# My first attempt at really shooting her..



## YoQuiero (Apr 17, 2010)

I had some perfect sunlight coming through the slider by her pen earlier so I knew it was time to take some portraits!  She kept closing her eyes on me though so every 3 frames she looks like she's sleeping, little booger. (Excuse her eye mess, I wasn't paying attention and starting shooting before I wiped it up.)




















My favorite


----------



## Bella Luna (Jan 15, 2010)

She is gorgeous! I love her eyes!!!


----------



## TLI (Sep 3, 2008)

Gorgeous!

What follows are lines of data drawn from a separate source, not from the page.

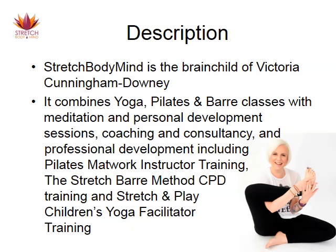Just in case you don't know, Stretch Body Mind is my brainchild — that's me sitting there in some sort of awkward pose. Stretch Body Mind basically combines everything that I've been doing for the last 10-15 years. It combines yoga, pilates, and barre classes with meditation and personal development sessions, with coaching, with consultancy, and also with professional development training, including the pilates mat work instructor training which I've been running successfully for over 3 years. The Stretch Bar Method, which is a CPD training, and Stretch and Play Children's Yoga Facilitator Training, which I first ran in 2007.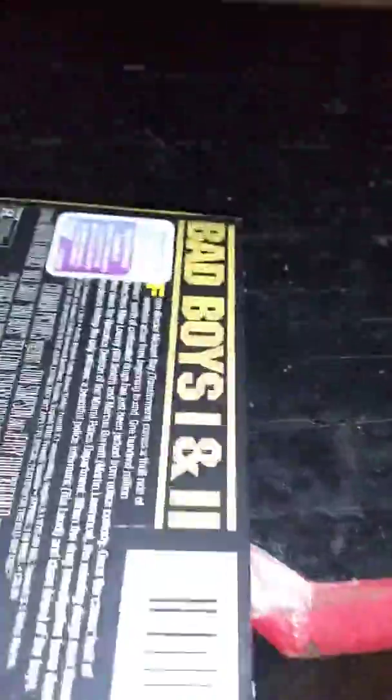Here you have a look at the front. Instead of vertical, the artwork goes horizontal, which is a little bit different. Same with the title on the spine. And then the back. It looks like it's horizontal on the other spine as well.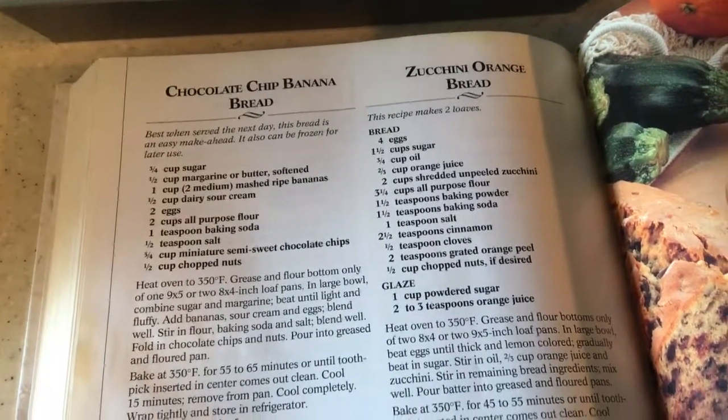This looks sufficiently mixed. The recipe asks for a half a cup of chopped nuts — I'm putting in three-quarters of a cup. The recipe asks for three-quarters of a cup of chocolate chips, semi-sweet, but I'm putting in milk chocolate and I'm adding a full cup. I'm going to finish by folding it in with my dough whisk.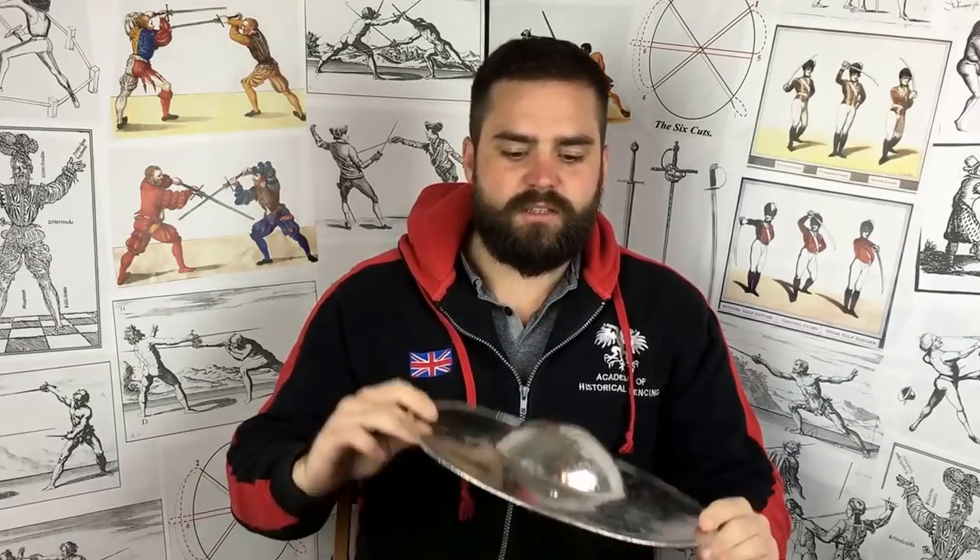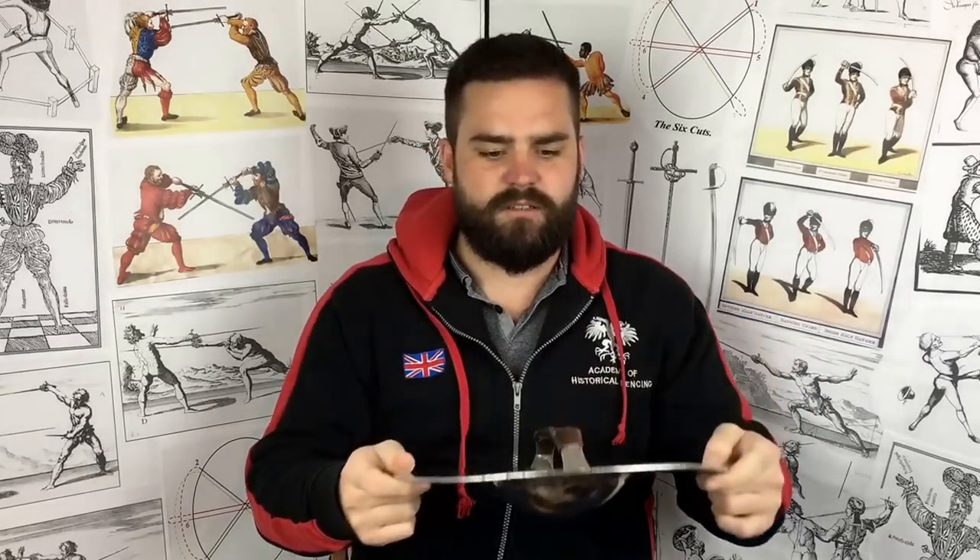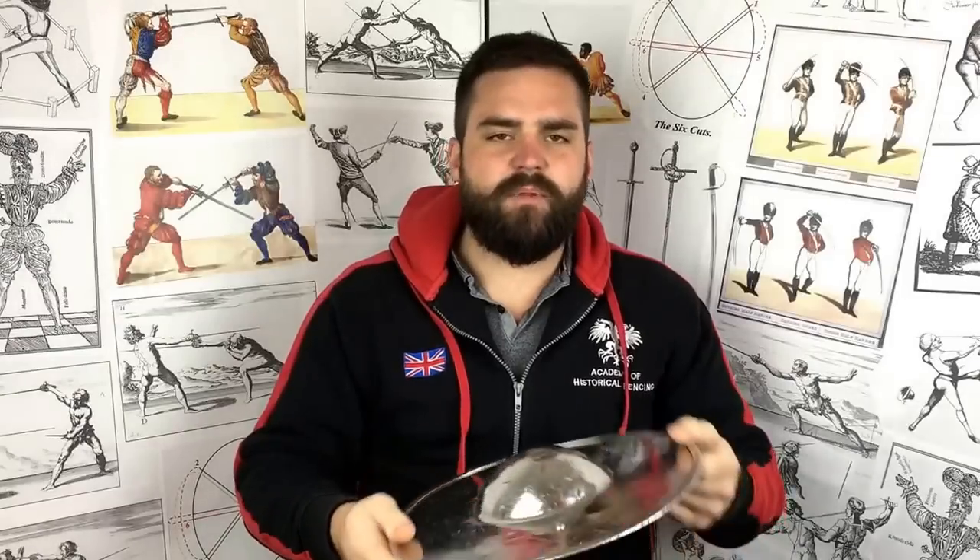So first of all, what actually is a buckler? Well, a buckler is a small shield. There are no precise measurements as to exactly what classifies it, but realistically you're talking about a diameter of 9 inches up to about 15 or 16 maximum, and anything above that you're going to get onto actual shields like the Scottish targe or the Rotella or something like that. This is a typical example — 12 inch — there are lots of this size in museums, it's a very common size. They can be made of a range of materials from steel to wood, leather, and a composite of any number of those.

Her eyes are amazing!!!


----------



## Quinn (Dec 11, 2008)

Very cute! Her blue eye is just WOW


----------



## YoQuiero (Apr 17, 2010)

Her blue eye is pretty starling sometimes! My friend said when she saw her pictures before meeting her it kinda scared her lol.


----------



## TripleAChihuahuas (Apr 8, 2010)

Beautiful pics and she is so unique


----------



## amyscrazy (Jun 9, 2009)

She is beautiful and I love the different colored eyes!


----------



## foggy (Oct 12, 2009)

Oh wow, lovely photos. She is absolutely beautiful.


----------



## MChis (Oct 13, 2009)

Oh my - she is beautiful!!! I adore her coloring & markings. Great captures as well! You definitely had some great lighting going on...


----------



## svdreamer (Feb 20, 2010)

Absolutely stunning. A real head turner.


----------



## pigeonsheep (Nov 8, 2008)

yay sugar!!! lovely shots. lol the title made me think twice though hehe!


----------



## rache (Nov 10, 2009)

shes such a pretty girl, I can tell she is going to be a favourite on here!


----------



## OurCheekyChihuahuas (Nov 18, 2009)

Wow shes a very pretty merle  Gorgeousphotos!


----------



## JRZL (Jul 10, 2009)

shes gorgeous!! i love her blue eye!


----------



## Terri (Aug 21, 2009)

Beautiful girl and pics!!
I bet you are over the moon with her. xxx


----------



## QUIGLEY'S MOM (Jan 12, 2010)

She's lovely!


----------



## sandymaynard (Mar 14, 2010)

She is so beautiful,Love the eyes,


----------



## *Princess* (Feb 7, 2009)

so beautiful xx


----------



## YoQuiero (Apr 17, 2010)

Awww you guys, she's blushing!  She is definitely a lover. She whined all morning for me to take her out and she snuggled with me on the couch for a tiny nap. My babies sleep way longer than this girl, my God I'm not loving 7am mornings! Haha. I'd love if we get some more nice photo-taking weather today.


----------



## KittyD (Apr 2, 2010)

She is a super cutie, so do you leave her in the puppy pen most of the time then? or is she allowed free access to the house?


----------



## YoQuiero (Apr 17, 2010)

No she's out and about all the time. If I'm doing something where I can't watch her constantly I put her in. She's snuggling on the couch with me right now


----------



## unchienne (Mar 29, 2009)

Her eyes are stunning, but her nose is just adorable. I love her short little muzzle...just want to reach out and tweek it.


----------



## YoQuiero (Apr 17, 2010)

Hehehe, she does have a quite cute little nose. I've thought that myself.


----------



## MndaNGmoe (Oct 20, 2009)

Wow she is stunning!! i love her eyes too


----------



## rebel_yell (Mar 24, 2008)

Those are very lovely shots, she really is a beauty


----------



## Mandy (Jan 16, 2009)

i absolutly love her shes stunning my romeos mummy had one blue eye too here she is the are similar except romeos mum is a sliver merle








hope you dont mind me posting her pic on your thread


----------



## KayC (May 3, 2005)

Lovely photos....and of course a very lovely chi


----------



## YoQuiero (Apr 17, 2010)

She says thanks everyone!  <3

OMG Romeo's mom looks JUST like Sugar! That's crazy. She sure is gorgeous!


----------



## Bellatrix (Apr 23, 2010)

She looks like a real sweetheart. I've always loved dogs with different coloured eyes too


----------



## HorseCrazy3621 (Apr 28, 2010)

I agree, Beautiful! She's one of a kind!  Very pretty girl!


----------